L’ architetto/artista è,  insieme, l’interprete e l’innovatore di questi principi che, a saperli riconoscere, sono leggibili anche ai nostri giorni. Non solo attraverso edifici come il Palazzo dell’Industria disegnato da Marcello Piacentini e Giuseppe Vaccaro, dove il lascito è evidente, ma anche in opere insospettate, come la sede della  Deutsche Bank a Berlino di Gehry che lette sotto quest’aspetto, finiscono per avere l’interesse di un tessuto dai tracciati rovesciati, dove lo spazio centrale è annodato dalla copertura trasparente, in modo non diverso da tanti altri episodi che hanno segnato la vera storia del passaggio alla modernità, dalla formazione delle galeries e dei grandi magazzini del XIX secolo, a partire dai passages, ai tanti palazzi i cui cortili, coperti, hanno segnato la formazione di un nodo spaziale e l’origine di nuovi organismi moderni.
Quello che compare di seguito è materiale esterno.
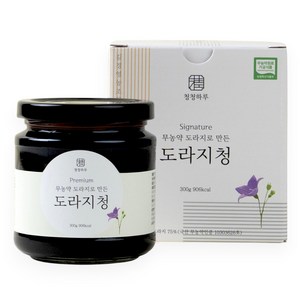 청청하루 무농약 도라지로 만든 도라지청, 300g, 1개입, 1개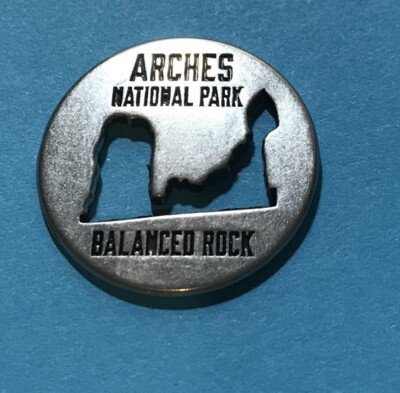 Arches National Park Balanced Rock Cutout Token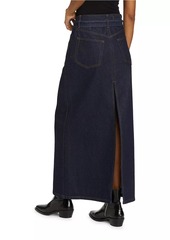 Proenza Schouler Calder Stretch Denim Maxi Skirt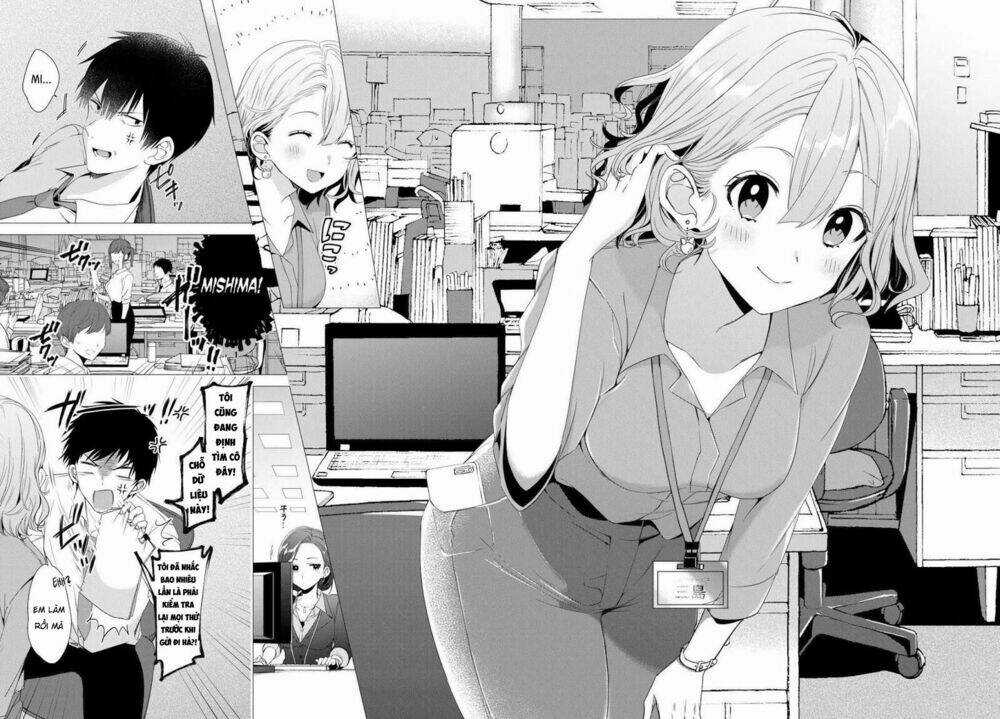 Thất Tình, Say Rượu Và Rồi Tôi Mang Một Cô Bé Cao Trung Về Nhà Chapter 3 trang 8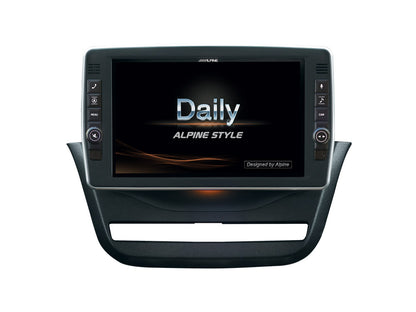 Alpine X903D-ID Sistema di Navigazione con display touch screen da 9” pollici per Iveco Daily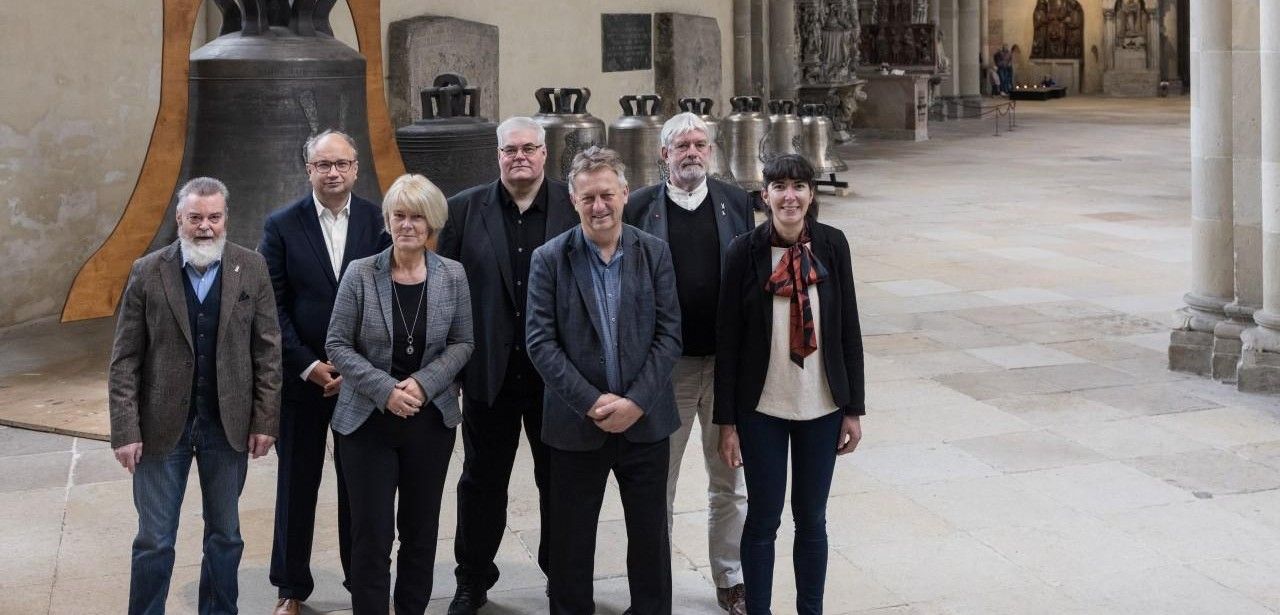 Magdeburger Dom auf dem Weg zum vollständigen Domgeläut (Foto: Jens Wolf)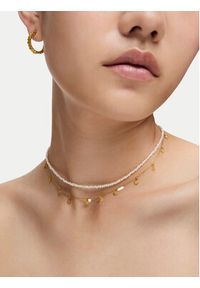 Tous - TOUS Naszyjnik Cool Joy 1003190100 Złoty. Materiał: srebrne. Kolor: złoty #5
Un modo, dunque, quello di leggere e progettare per tracciati, che permette di interpretare l’intera storia della città moderna alla luce di un’ attendibile teoria che ripropone la priorità dei fenomeni generali e profondi sugli esiti frammentati della città contemporanea.
Mi sembra che questa sia la strada fertile intrapresa da Lina Malfona con questo lavoro che, indicando una via poco battuta, costituisce una scelta tra le più impegnative, implicando non solo la necessità delle basi teoriche del mestiere di architetto ma anche, indispensabile corollario,  l’urgenza del metodo per applicarle.